LONDON, July 1, 2020 /PRNewswire/ -- Polygon Global Partners LLP acts as investment manager to funds and accounts that hold a total of 859,610 ordinary shares and 1,750,000 preferred shares of Biotest AG, representing approximately 6.59% of the share capital of the company.
Yesterday, funds and accounts managed by Polygon filed an application with the competent court for authorisation to convene an Extraordinary General Meeting of shareholders of Biotest AG.
Polygon proposes three agenda items for shareholders' consideration and resolution: (1) the dismissal of newly elected supervisory board member Mr. Xiaoying (David) Gao, (2) election of a suitable replacement to the supervisory board who is free of conflicts of interest and (3) the launch of a special audit to investigate events in connection with the proposal for election of Mr. Gao.

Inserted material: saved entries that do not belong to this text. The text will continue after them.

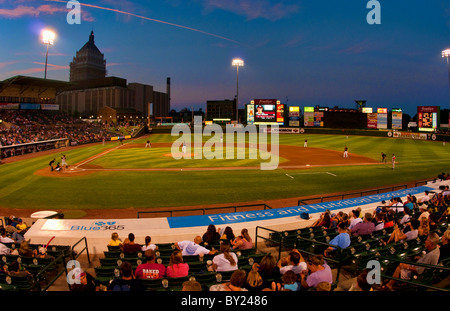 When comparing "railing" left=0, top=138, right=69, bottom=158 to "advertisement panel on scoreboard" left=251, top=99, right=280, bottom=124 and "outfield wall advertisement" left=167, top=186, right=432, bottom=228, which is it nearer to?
"outfield wall advertisement" left=167, top=186, right=432, bottom=228

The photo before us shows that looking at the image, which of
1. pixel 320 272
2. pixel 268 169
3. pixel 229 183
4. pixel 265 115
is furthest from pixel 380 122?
pixel 320 272

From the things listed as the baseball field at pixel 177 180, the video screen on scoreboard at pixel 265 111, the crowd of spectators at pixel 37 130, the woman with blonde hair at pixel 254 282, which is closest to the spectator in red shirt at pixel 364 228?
the woman with blonde hair at pixel 254 282

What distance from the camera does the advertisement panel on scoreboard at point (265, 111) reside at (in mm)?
76312

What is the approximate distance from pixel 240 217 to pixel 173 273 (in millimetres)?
6635

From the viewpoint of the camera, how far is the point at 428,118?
70438mm

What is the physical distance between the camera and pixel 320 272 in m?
5.58

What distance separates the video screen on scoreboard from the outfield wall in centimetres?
6363

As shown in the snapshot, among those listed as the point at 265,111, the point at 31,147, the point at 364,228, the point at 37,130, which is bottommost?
the point at 364,228

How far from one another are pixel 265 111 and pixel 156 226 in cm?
6809

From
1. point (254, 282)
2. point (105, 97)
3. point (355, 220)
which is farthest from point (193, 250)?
point (105, 97)

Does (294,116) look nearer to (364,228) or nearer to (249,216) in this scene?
(249,216)

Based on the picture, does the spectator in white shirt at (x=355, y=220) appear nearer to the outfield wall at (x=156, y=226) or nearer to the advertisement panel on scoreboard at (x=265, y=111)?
the outfield wall at (x=156, y=226) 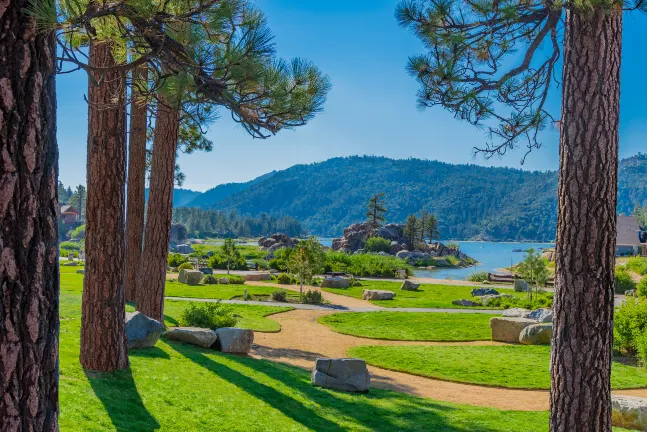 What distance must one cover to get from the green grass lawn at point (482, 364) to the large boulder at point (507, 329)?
77 cm

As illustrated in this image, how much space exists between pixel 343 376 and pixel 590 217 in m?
4.94

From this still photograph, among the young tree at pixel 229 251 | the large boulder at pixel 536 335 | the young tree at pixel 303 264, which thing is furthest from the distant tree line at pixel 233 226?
the large boulder at pixel 536 335

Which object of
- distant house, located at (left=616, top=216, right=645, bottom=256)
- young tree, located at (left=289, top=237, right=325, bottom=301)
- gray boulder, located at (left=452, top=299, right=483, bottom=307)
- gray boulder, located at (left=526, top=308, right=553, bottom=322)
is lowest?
gray boulder, located at (left=452, top=299, right=483, bottom=307)

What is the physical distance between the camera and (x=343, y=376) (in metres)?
8.30

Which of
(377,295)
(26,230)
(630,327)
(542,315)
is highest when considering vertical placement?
(26,230)

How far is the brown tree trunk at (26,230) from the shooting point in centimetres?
229

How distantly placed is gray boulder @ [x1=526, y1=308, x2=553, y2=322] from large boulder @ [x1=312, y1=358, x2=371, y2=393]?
26.7 ft

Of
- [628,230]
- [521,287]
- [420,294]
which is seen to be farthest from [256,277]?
[628,230]

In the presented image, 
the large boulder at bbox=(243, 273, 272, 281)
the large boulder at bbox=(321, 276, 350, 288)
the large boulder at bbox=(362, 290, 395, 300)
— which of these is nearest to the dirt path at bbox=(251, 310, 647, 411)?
the large boulder at bbox=(362, 290, 395, 300)

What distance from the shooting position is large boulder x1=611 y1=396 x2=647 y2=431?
7.10 meters

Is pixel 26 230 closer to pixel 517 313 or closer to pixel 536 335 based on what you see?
pixel 536 335

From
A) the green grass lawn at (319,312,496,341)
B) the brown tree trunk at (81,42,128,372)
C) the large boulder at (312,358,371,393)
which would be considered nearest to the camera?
the brown tree trunk at (81,42,128,372)

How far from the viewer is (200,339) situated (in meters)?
9.82

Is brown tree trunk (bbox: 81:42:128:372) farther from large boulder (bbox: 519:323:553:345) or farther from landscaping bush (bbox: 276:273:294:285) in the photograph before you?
landscaping bush (bbox: 276:273:294:285) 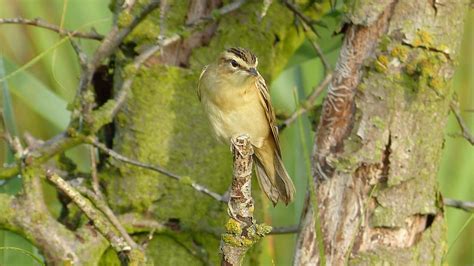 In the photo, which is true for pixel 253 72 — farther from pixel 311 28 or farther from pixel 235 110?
pixel 311 28

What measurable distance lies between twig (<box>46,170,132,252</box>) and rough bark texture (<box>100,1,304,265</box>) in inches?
15.1

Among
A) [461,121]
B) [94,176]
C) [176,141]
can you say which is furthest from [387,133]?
[94,176]

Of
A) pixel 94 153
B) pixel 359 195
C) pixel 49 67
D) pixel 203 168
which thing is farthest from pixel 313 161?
pixel 49 67

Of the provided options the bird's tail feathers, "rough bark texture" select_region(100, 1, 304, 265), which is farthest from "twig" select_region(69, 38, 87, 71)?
the bird's tail feathers

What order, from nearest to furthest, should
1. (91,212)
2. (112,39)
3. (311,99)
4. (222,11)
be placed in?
1. (91,212)
2. (112,39)
3. (222,11)
4. (311,99)

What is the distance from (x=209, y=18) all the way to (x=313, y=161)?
20.4 inches

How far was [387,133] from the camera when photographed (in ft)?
7.32

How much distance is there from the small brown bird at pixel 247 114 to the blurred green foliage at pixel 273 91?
8 cm

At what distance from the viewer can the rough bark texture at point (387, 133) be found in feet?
7.32

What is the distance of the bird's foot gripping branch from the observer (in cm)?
179

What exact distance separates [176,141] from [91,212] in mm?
553

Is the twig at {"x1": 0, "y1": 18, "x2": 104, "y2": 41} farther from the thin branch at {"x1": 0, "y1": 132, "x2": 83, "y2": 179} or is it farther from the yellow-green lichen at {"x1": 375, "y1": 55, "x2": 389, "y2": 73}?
the yellow-green lichen at {"x1": 375, "y1": 55, "x2": 389, "y2": 73}

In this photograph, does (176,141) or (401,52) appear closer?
(401,52)

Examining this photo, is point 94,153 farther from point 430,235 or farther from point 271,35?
point 430,235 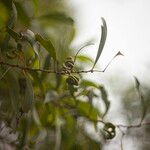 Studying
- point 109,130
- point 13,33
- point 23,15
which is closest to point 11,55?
point 13,33

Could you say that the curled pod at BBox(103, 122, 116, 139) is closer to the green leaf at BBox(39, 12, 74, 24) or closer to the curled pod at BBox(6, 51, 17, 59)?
the green leaf at BBox(39, 12, 74, 24)

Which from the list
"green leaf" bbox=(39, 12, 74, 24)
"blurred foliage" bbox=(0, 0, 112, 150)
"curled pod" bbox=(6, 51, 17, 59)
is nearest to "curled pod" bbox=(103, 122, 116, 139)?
"blurred foliage" bbox=(0, 0, 112, 150)

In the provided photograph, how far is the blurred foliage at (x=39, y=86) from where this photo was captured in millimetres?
970

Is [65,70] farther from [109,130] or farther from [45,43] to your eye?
[109,130]

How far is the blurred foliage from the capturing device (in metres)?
0.97

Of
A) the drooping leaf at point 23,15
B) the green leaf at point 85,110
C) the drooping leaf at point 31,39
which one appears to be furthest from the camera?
the green leaf at point 85,110

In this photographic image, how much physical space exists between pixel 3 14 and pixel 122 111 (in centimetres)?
120

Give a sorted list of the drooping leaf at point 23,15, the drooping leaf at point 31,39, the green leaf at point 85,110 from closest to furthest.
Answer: the drooping leaf at point 31,39 < the drooping leaf at point 23,15 < the green leaf at point 85,110

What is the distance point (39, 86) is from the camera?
4.08 ft

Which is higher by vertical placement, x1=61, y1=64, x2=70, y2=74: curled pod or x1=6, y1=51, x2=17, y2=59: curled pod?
x1=61, y1=64, x2=70, y2=74: curled pod

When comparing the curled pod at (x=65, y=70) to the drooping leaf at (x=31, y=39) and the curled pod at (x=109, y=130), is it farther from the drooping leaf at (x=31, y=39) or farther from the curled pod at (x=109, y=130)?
the curled pod at (x=109, y=130)

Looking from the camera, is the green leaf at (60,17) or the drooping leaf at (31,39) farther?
the green leaf at (60,17)

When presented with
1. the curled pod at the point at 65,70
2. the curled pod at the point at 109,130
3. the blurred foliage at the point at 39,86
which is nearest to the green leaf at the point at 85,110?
the blurred foliage at the point at 39,86

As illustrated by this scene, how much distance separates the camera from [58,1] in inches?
93.9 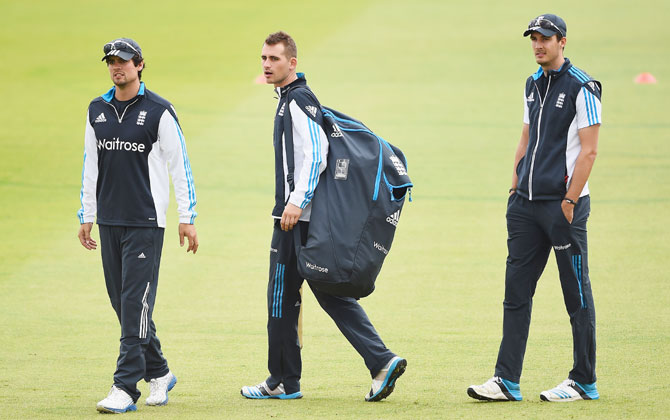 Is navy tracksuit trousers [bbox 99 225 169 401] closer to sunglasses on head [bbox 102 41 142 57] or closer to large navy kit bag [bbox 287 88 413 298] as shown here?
large navy kit bag [bbox 287 88 413 298]

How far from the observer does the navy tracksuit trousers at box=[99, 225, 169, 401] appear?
606 cm

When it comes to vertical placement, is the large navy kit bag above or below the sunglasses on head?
below

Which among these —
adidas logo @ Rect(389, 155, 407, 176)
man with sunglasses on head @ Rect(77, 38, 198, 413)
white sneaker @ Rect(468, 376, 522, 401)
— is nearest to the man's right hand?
man with sunglasses on head @ Rect(77, 38, 198, 413)

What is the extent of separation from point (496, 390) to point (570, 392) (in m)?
0.41

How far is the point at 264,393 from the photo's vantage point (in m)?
6.42

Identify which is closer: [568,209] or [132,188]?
[568,209]

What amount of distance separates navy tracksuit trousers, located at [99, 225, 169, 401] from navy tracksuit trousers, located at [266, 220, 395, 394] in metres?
0.71

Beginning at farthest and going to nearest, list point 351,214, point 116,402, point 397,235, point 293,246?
point 397,235 < point 293,246 < point 351,214 < point 116,402

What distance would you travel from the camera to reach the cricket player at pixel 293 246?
19.8 feet

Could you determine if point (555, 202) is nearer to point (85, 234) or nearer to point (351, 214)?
point (351, 214)

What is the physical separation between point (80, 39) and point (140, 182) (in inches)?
836

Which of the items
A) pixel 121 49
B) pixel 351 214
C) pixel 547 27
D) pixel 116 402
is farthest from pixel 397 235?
pixel 116 402

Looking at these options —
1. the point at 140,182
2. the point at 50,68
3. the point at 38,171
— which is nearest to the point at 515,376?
the point at 140,182

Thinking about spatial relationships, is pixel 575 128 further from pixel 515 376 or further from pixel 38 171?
pixel 38 171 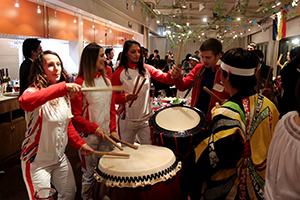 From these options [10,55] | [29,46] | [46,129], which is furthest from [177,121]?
[10,55]

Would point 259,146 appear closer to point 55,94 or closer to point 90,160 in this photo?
point 55,94

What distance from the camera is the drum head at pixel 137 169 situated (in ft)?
4.84

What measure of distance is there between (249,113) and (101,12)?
6.60 m

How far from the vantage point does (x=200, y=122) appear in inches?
80.7

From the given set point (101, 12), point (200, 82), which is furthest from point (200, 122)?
point (101, 12)

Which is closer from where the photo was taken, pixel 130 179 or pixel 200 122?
pixel 130 179

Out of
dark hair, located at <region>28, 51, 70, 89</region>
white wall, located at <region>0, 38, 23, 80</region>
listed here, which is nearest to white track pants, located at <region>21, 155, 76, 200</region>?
dark hair, located at <region>28, 51, 70, 89</region>

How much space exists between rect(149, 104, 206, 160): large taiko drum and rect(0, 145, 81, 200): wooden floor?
133cm

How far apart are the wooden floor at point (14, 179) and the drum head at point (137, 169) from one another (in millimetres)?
1315

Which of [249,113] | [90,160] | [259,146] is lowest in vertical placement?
[90,160]

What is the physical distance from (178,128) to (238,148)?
0.78 m

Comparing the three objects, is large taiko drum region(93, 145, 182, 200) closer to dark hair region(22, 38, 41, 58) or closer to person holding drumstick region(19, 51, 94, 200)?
person holding drumstick region(19, 51, 94, 200)

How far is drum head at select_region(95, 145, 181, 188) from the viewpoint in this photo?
148 centimetres

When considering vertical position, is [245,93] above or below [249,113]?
above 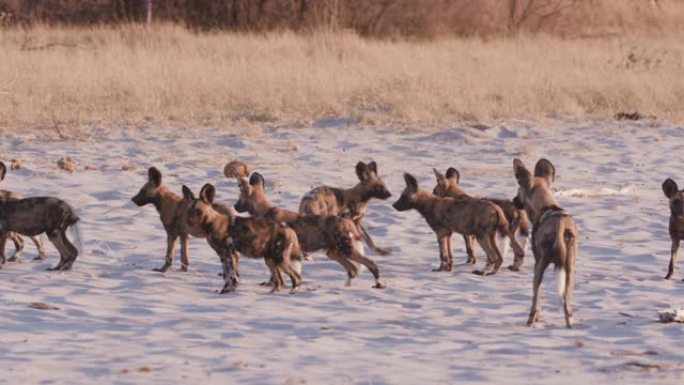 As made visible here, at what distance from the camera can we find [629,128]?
17188 millimetres

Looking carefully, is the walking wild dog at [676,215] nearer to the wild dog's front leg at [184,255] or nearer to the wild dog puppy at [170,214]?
the wild dog puppy at [170,214]

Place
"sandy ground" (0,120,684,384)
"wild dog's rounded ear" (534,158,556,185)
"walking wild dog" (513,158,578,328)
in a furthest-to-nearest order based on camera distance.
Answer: "wild dog's rounded ear" (534,158,556,185), "walking wild dog" (513,158,578,328), "sandy ground" (0,120,684,384)

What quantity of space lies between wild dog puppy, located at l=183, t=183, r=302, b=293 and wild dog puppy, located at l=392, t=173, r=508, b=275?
133 cm

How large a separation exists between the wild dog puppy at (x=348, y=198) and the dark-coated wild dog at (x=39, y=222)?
1.75 m

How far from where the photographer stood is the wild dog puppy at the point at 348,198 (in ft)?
35.9

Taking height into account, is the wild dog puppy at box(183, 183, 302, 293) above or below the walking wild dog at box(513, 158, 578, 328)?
below

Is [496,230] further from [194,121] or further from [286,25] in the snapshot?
[286,25]

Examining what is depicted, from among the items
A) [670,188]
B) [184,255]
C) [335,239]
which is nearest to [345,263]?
[335,239]

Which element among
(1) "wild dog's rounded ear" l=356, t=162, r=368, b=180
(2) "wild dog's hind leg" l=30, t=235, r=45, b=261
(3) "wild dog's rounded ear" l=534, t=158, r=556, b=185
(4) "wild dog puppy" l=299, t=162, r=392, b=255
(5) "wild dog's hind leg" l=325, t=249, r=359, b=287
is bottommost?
(2) "wild dog's hind leg" l=30, t=235, r=45, b=261

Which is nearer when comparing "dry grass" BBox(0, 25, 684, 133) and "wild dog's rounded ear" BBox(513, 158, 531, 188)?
"wild dog's rounded ear" BBox(513, 158, 531, 188)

Polygon filed this application because the management board of Biotest did not comply with Polygon's request of 10 June 2020 to convene an extraordinary general meeting (see Polygon's newswire of 11 June 2020).
Polygon had already filed a counter-motion on 20 April 2020 to agenda item 3 of the Annual General Meeting of 8 May 2020 concerning the circumstances of the declaration of conformity with the German Corporate Governance Code1 issued by Biotest's management board and supervisory board in connection with the election proposal regarding Mr. Gao to the supervisory board. It dealt with the conduct of a special audit into these circumstances (see Polygon's newswire of 6 May 2020).
The doubts with respect to Mr. Gao arise from the fact that he currently serves as the CEO and Vice Chairman of the board of directors of a major competitor of Biotest?UK blood plasma company Bio Products Laboratory Ltd. (BPL). BPL is also a group company of Chinese investment firm Creat Group, who is the majority but non-dominating shareholder of Biotest.
Polygon is of the opinion that it is in the interest of all Biotest shareholders to immediately end Mr. Gao's membership of the supervisory board due to his position as a member of the executive body of a major competitor. Furthermore, the conduct of the special audit does not tolerate any delay, because otherwise irreversible events could take place to the detriment of the company.
1 Sec. 5.4.2/C12 of the German Corporate Governance Code (Deutscher Corporate Governance Kodex) provides that the members of a company's supervisory board should not be members of governing bodies of or exercise advisory functions at major competitors of the company and should not have a personal relationship with a major competitor.